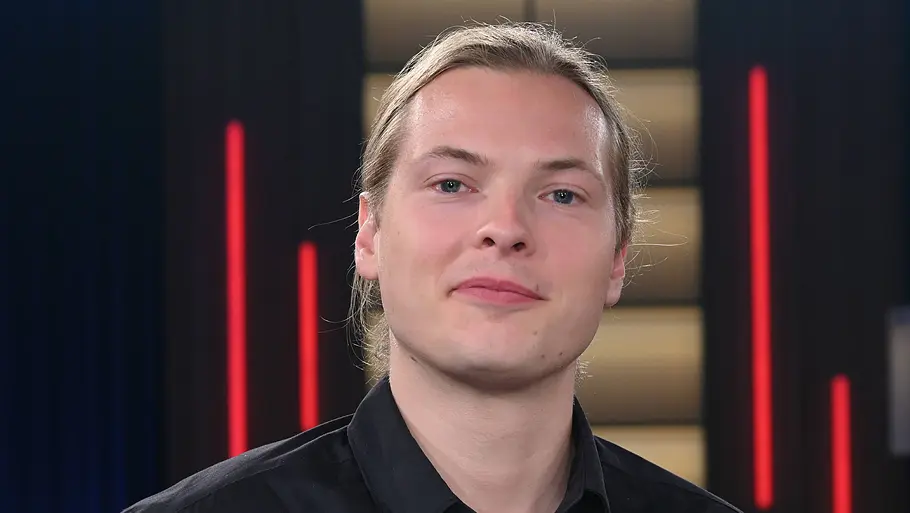 Gabriel Kelly Gabriel Kelly trägt ein schwarzes Hemd und blickt ruhig in die Kamera. Im Hintergrund ist ein TV‑Studio mit dunklem Vorhang, beleuchteten Wandelementen und roten Lichtstreifen zu sehen.
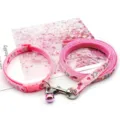 Close-up detail of pink pet leash and collar set featuring cute rabbit prints and metal bell. - Pink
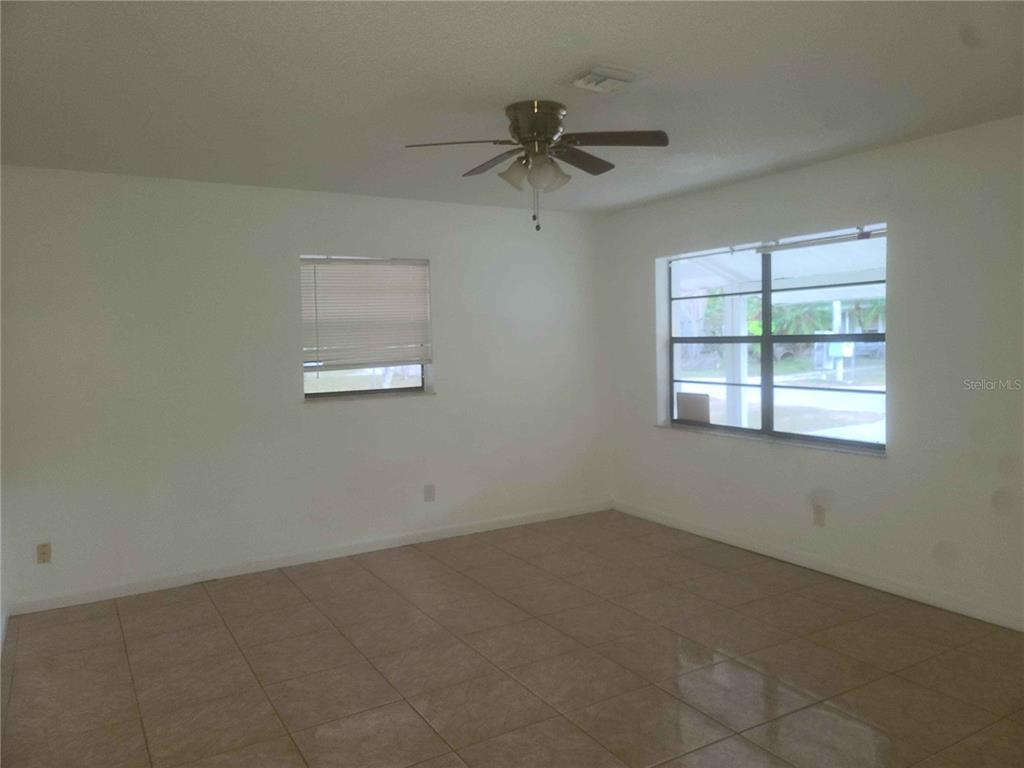 1187 Varnado Road Groveland, FL 34736 - Photo 4 of 25 an empty room with a window
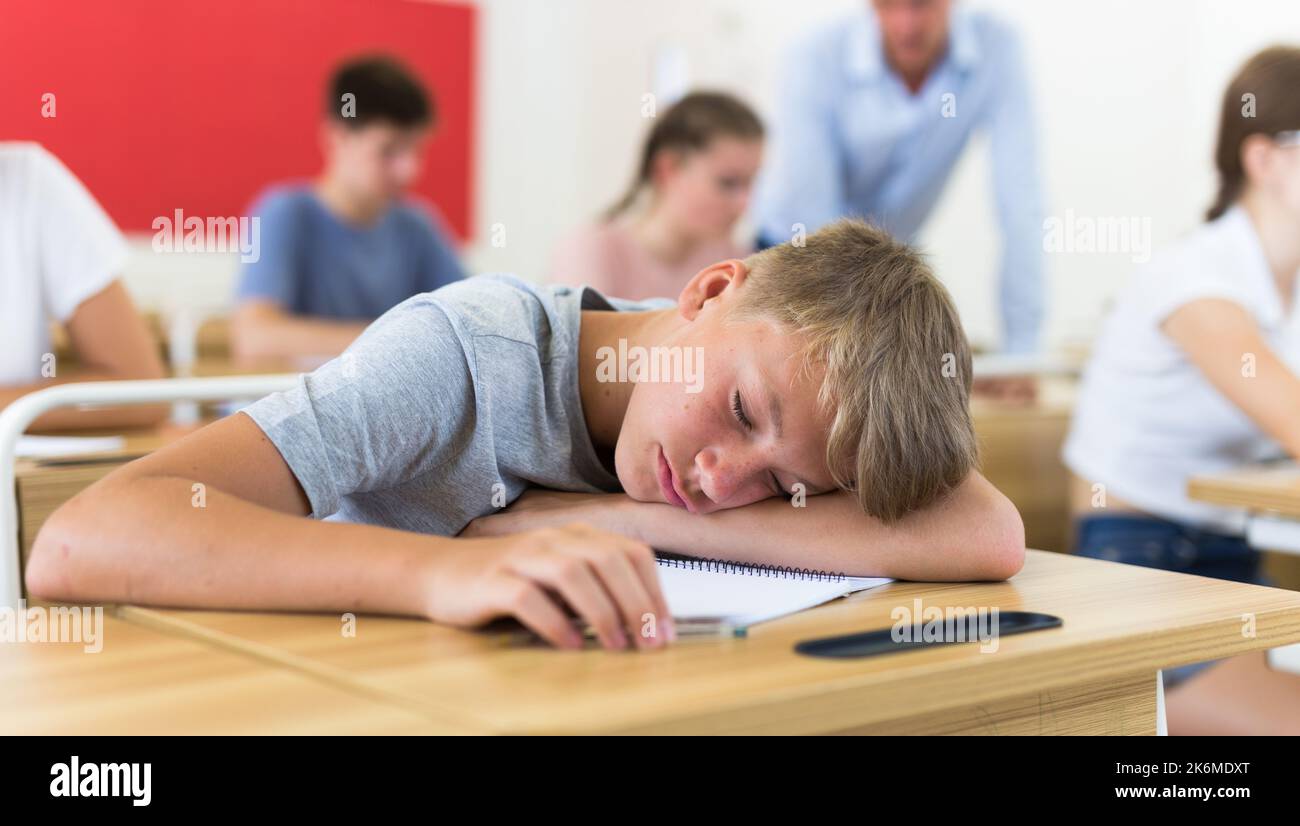 Bored teenage boy sleeping at desk in classroom during lesson Stock Photo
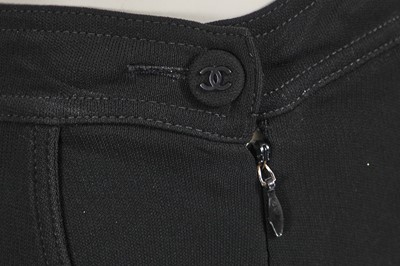 Lot 225 - A Chanel by Karl Lagerfeld black and pink jersey ensemble, 1990s-2000s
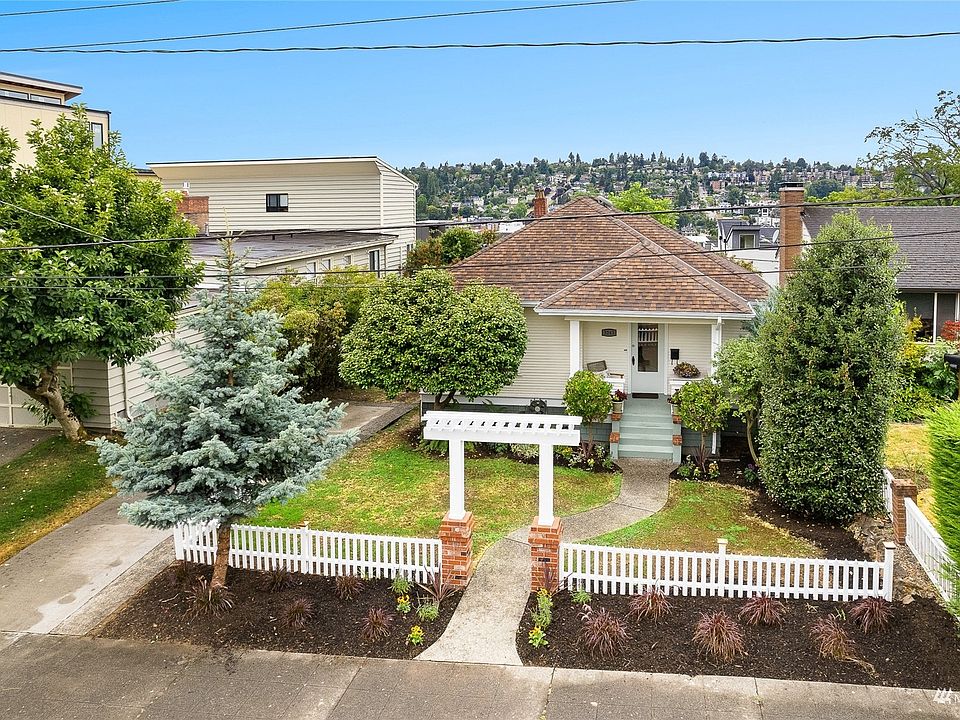 Charming Queen Anne craftsman cottage with curb appeal that all on its own says, "Pick me"!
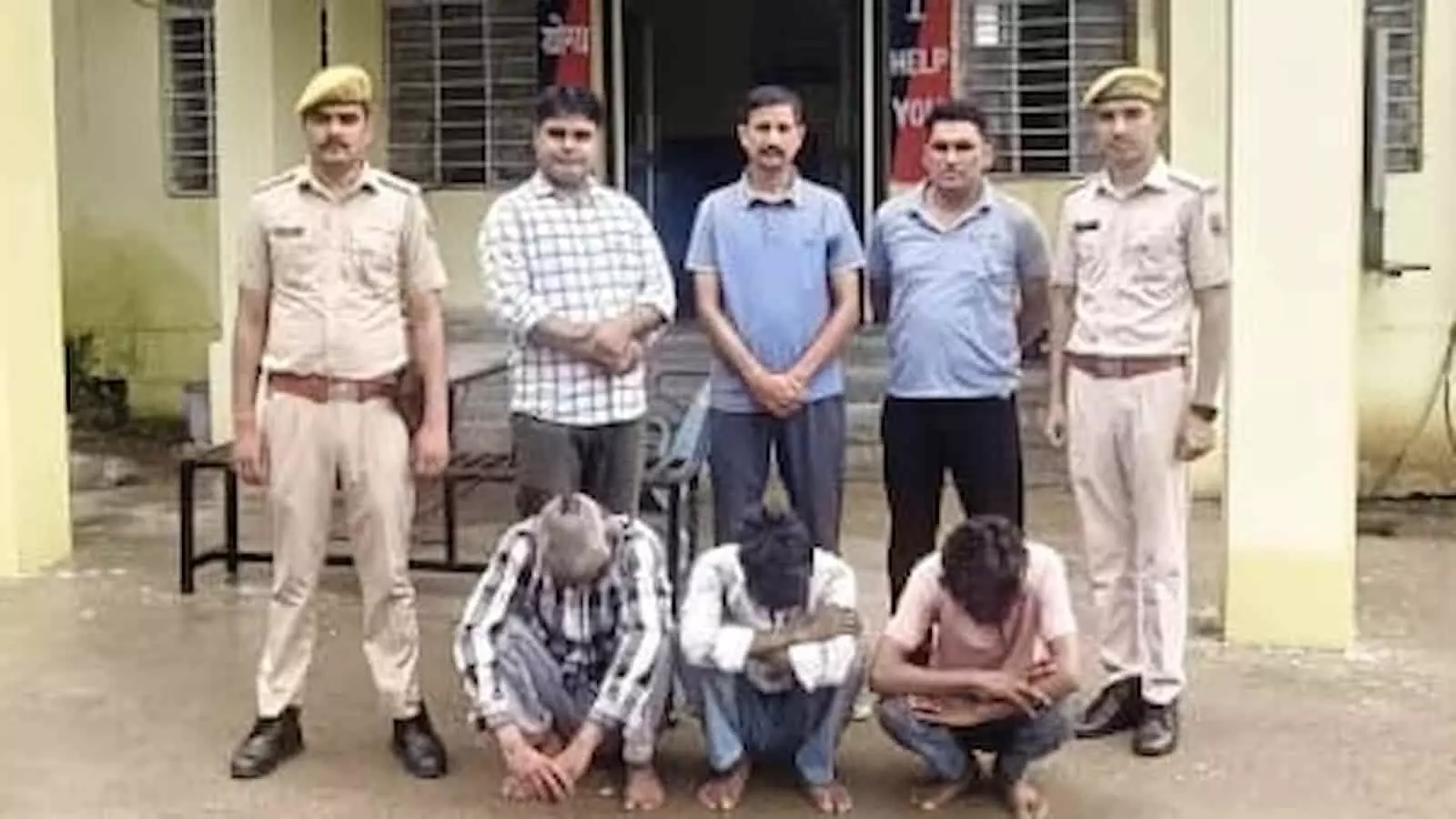 पुलिस स्टेशन के बाहर खड़े पुलिसकर्मी और हिरासत में लिए गए तीन आरोपी।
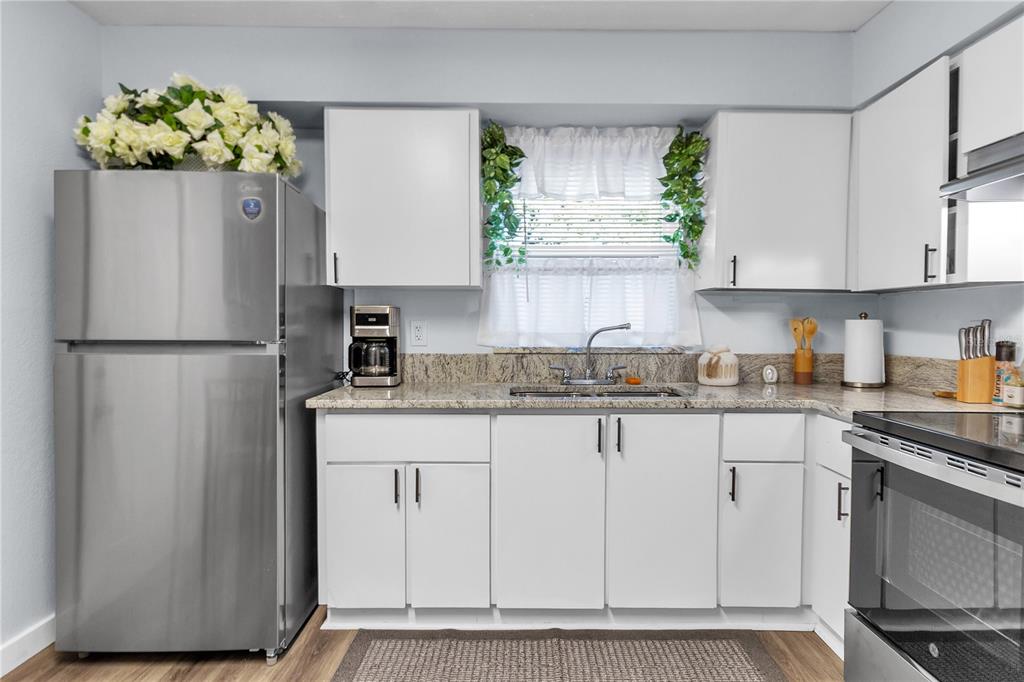 4913 East Temple Heights Road, Unit A Tampa, FL 33617 - Photo 18 of 41 a kitchen with stainless steel appliances granite countertop a refrigerator sink and stove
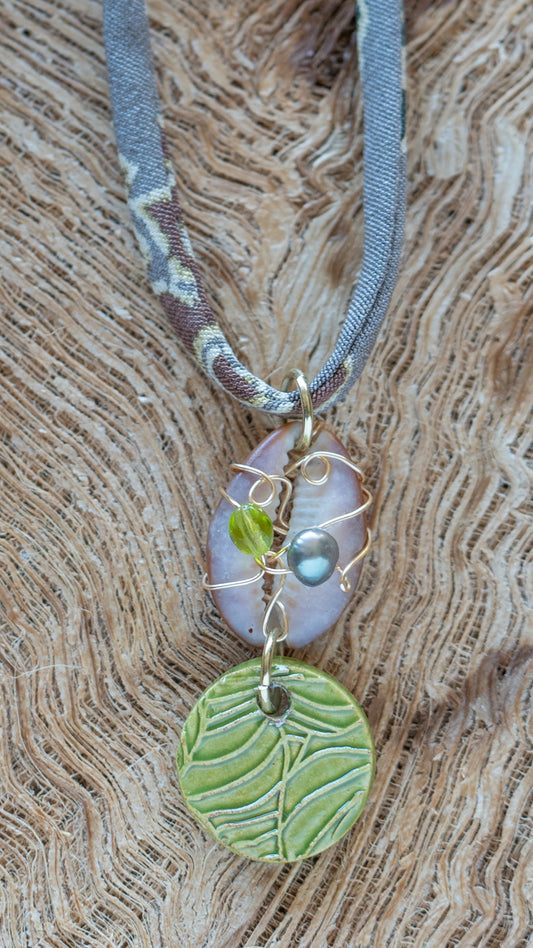 NKL-MON03GRN: Green Monstera Leaf Ceramic Necklace with Wire wrapped Cowrie Shell and Adjustable Floral Kimono Cord – Green Glaze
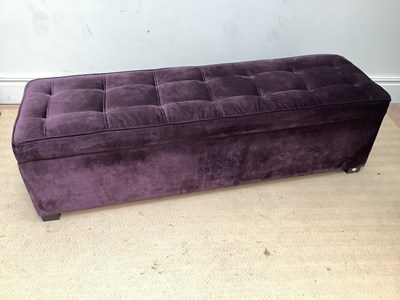Lot 1247 - A modern purple upholstered ottoman of...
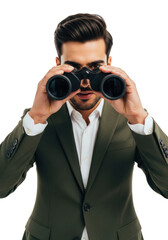 Handsome young south asian businessman in a slim olive green suit jacket, intensely looking through black binoculars against a bright white studio backdrop. Concept of detailed investigation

- _Task to complete_: Copy every entry above exactly as it stands, but leave the pictures out.

- _Written response_:
 Gabriel Kelly Gabriel Kelly trägt ein schwarzes Hemd und blickt ruhig in die Kamera. Im Hintergrund ist ein TV‑Studio mit dunklem Vorhang, beleuchteten Wandelementen und roten Lichtstreifen zu sehen.
 Close-up detail of pink pet leash and collar set featuring cute rabbit prints and metal bell. - Pink
 1187 Varnado Road Groveland, FL 34736 - Photo 4 of 25 an empty room with a window
 Bored teenage boy sleeping at desk in classroom during lesson Stock Photo
 Lot 225 - A Chanel by Karl Lagerfeld black and pink jersey ensemble, 1990s-2000s
 Charming Queen Anne craftsman cottage with curb appeal that all on its own says, "Pick me"!
 पुलिस स्टेशन के बाहर खड़े पुलिसकर्मी और हिरासत में लिए गए तीन आरोपी।
 4913 East Temple Heights Road, Unit A Tampa, FL 33617 - Photo 18 of 41 a kitchen with stainless steel appliances granite countertop a refrigerator sink and stove
 NKL-MON03GRN: Green Monstera Leaf Ceramic Necklace with Wire wrapped Cowrie Shell and Adjustable Floral Kimono Cord – Green Glaze
Lot 1247 - A modern purple upholstered ottoman of...
 Handsome young south asian businessman in a slim olive green suit jacket, intensely looking through black binoculars against a bright white studio backdrop. Concept of detailed investigation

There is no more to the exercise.